QRPivoted{Float64, Matrix{Float64}}
Q factor:
5×5 LinearAlgebra.QRPackedQ{Float64, Matrix{Float64}}:
 -0.0407665  -0.692007    0.318693   0.185526  -0.619257
  0.757887   -0.0465712  -0.260086  -0.522259  -0.288166
 -0.618938   -0.233814   -0.404293  -0.624592  -0.0931611
  0.0772486  -0.235405   -0.808135   0.53435    0.00216687
  0.186801   -0.639431    0.119392  -0.131075   0.724429
R factor:
3×3 Matrix{Float64}:
 -3.09661  1.60888   1.84089
  0.0      1.53501   0.556903
  0.0      0.0      -1.32492
permutation:
3-element Vector{Int64}:
 1
 2
 3

In [19]:

xqr \ y # least squares solution

Out[19]:

3-element Vector{Float64}:
 0.3795466676698624
 0.6508866456093487
 0.39225041956535506

In [20]:

# thin Q matrix multiplication (a sequence of Householder transforms)
norm(xqr.Q * xqr.R - X[:, xqr.p]) # recovers X (with columns permuted)

Out[20]:

1.071020016095422e-15

QR by Givens rotation¶

Householder transform $\mathbf{H}_j$ introduces batch of zeros into a vector.
Givens transform (aka Givens rotation, Jacobi rotation, plane rotation) selectively zeros one element of a vector.
Overall QR by Givens rotation is less efficient than the Householder method, but is better suited for matrices with structured patterns of nonzero elements.

Givens/Jacobi rotations:

$$ \small \mathbf{G}(i,k,\theta) = \begin{bmatrix} 1 & & 0 & & 0 & & 0 \\ \vdots & \ddots & \vdots & & \vdots & & \vdots \\ 0 & & c & & s & & 0 \\ \vdots & & \vdots & \ddots & \vdots & & \vdots \\ 0 & & - s & & c & & 0 \\ \vdots & & \vdots & & \vdots & \ddots & \vdots \\ 0 & & 0 & & 0 & & 1 \end{bmatrix}, $$

where $c = \cos(\theta)$ and $s = \sin(\theta)$. $\mathbf{G}(i,k,\theta)$ is orthogonal.

Pre-multiplication by $\mathbf{G}(i,k,\theta)^T$ rotates counterclockwise $\theta$ radians in the $(i,k)$ coordinate plane. If $\mathbf{x} \in \mathbb{R}^n$ and $\mathbf{y} = \mathbf{G}(i,k,\theta)^T \mathbf{x}$, then

$$ \small y_j = \begin{cases} cx_i - s x_k & j = i \\ sx_i + cx_k & j = k \\ x_j & j \ne i, k \end{cases}. $$

Apparently if we choose $\tan(\theta) = -x_k / x_i$, or equivalently, $$ \small \begin{eqnarray*} c = \frac{x_i}{\sqrt{x_i^2 + x_k^2}}, \quad s = \frac{-x_k}{\sqrt{x_i^2 + x_k^2}}, \end{eqnarray*} $$ then $y_k=0$.

Pre-applying Givens transform $\mathbf{G}(i,k,\theta)^T \in \mathbb{R}^{n \times n}$ to a matrix $\mathbf{A} \in \mathbb{R}^{n \times m}$ only effects two rows of $\mathbf{

A}$: $$ \mathbf{A}([i, k], :) \gets \begin{bmatrix} c & s \\ -s & c \end{bmatrix}^T \mathbf{A}([i, k], :), $$ costing $6m$ flops.

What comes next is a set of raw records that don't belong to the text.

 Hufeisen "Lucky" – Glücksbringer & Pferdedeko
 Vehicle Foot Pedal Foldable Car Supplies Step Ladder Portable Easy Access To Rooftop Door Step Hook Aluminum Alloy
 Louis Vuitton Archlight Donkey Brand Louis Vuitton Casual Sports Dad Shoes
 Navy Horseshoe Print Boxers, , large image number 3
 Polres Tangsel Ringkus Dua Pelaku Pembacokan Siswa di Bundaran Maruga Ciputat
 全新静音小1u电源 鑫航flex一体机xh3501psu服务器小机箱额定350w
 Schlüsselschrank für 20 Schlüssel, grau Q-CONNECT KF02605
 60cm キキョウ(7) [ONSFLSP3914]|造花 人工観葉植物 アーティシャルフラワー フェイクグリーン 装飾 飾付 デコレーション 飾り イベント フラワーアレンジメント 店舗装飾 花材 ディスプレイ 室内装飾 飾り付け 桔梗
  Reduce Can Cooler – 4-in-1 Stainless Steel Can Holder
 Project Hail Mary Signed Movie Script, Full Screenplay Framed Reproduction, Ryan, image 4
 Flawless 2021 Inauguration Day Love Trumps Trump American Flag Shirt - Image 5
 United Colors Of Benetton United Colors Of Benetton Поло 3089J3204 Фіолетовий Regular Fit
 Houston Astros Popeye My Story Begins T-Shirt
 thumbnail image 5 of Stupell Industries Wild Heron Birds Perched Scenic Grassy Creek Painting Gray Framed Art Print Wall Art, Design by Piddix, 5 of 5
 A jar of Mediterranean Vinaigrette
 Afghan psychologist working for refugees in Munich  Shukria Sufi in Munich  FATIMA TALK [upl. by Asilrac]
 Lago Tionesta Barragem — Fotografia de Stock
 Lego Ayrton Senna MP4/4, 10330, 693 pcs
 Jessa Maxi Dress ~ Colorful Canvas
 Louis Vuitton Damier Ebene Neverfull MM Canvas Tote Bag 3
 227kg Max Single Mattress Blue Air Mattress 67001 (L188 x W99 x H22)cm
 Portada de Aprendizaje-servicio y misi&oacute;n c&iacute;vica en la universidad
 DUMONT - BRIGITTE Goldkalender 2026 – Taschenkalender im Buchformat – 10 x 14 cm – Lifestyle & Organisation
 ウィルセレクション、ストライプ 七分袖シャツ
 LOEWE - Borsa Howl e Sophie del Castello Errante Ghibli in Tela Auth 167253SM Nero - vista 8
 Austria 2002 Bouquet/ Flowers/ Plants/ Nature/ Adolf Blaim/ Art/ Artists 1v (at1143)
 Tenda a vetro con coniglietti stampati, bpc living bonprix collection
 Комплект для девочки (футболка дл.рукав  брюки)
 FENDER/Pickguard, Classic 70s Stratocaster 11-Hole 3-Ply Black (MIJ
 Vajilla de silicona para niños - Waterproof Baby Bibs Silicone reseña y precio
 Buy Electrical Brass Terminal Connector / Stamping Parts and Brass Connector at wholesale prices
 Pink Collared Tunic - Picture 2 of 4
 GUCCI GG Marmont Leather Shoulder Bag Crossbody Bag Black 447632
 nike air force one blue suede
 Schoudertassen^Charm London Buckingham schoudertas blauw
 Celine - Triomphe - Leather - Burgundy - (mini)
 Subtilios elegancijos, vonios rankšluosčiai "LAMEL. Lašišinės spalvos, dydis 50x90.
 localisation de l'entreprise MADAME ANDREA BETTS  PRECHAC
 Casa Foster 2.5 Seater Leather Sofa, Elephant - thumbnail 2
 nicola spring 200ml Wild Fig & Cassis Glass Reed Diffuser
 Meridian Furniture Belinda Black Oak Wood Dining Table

Post-applying Givens transform $\mathbf{G}(i,k,\theta) \in \mathbb{R}^{m \times m}$ to a matrix $\mathbf{A} \in \mathbb{R}^{n \times m}$ only effects two columns of $\mathbf{A}$:

$$ \mathbf{A}(:, [i,k]) \gets \mathbf{A}(:, [i,k]) \begin{bmatrix} c & s \\ -s & c \end{bmatrix}, $$

costing $6n$ flops.

QR by Givens: $\mathbf{G}_t^T \cdots \mathbf{G}_1^T \mathbf{X} = \begin{bmatrix} \mathbf{R}_1 \\ \mathbf{0} \end{bmatrix}$.

{width=600}

Zeros in $\mathbf{X}$ can also be introduced row-by-row.
If $\mathbf{X} \in \mathbb{R}^{n \times p}$, the total cost is $3np^2 - p^3$ flops and $O(np)$ square roots.
Note each Givens transform can be summarized by a single number, which is stored in the zeroed entry of $\mathbf{X}$.

Applications: linear regression¶

QR decomposition of $\mathbf{X}$: $2np^2 - \frac 23 p^3$ flops.
Solve $\mathbf{R}^T \mathbf{R} \beta = \mathbf{R}^T \mathbf{Q}^T \mathbf{y}$ for $\beta$.
If $\mathbf{X}$ is full rank, then $\mathbf{R}$ is invertible, so we only need to solve the triangular system

$$ \mathbf{R} \beta = \mathbf{Q}^T \mathbf{y} . $$

Multiplication $\mathbf{Q}^T \mathbf{y}$ is done implicitly.

If need standard errors, compute inverse of $\mathbf{R}^T \mathbf{R}$. This involves triangular solves.